## INPUT RECORDS
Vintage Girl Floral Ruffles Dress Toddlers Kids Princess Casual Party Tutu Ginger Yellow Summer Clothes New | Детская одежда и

---

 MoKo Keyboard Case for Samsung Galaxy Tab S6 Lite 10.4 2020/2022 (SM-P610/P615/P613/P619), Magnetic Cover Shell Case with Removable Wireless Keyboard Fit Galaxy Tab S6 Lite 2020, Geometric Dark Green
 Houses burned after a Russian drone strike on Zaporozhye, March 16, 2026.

--

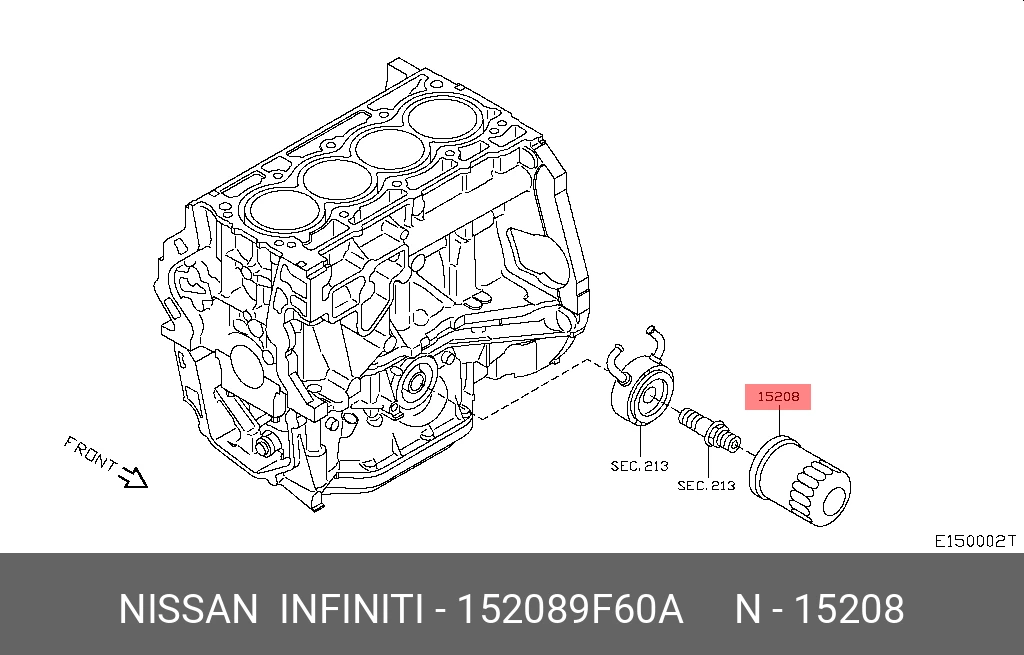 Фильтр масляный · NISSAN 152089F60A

## WHAT THIS TASK INVOLVES
Every line above from the line with "MoKo Keyboard Case" to the line with "Houses burned after", inclusive, must be returned exactly; no other line belongs in the reply.

## SOLUTION FOR THIS PROBLEM
 MoKo Keyboard Case for Samsung Galaxy Tab S6 Lite 10.4 2020/2022 (SM-P610/P615/P613/P619), Magnetic Cover Shell Case with Removable Wireless Keyboard Fit Galaxy Tab S6 Lite 2020, Geometric Dark Green
 Houses burned after a Russian drone strike on Zaporozhye, March 16, 2026.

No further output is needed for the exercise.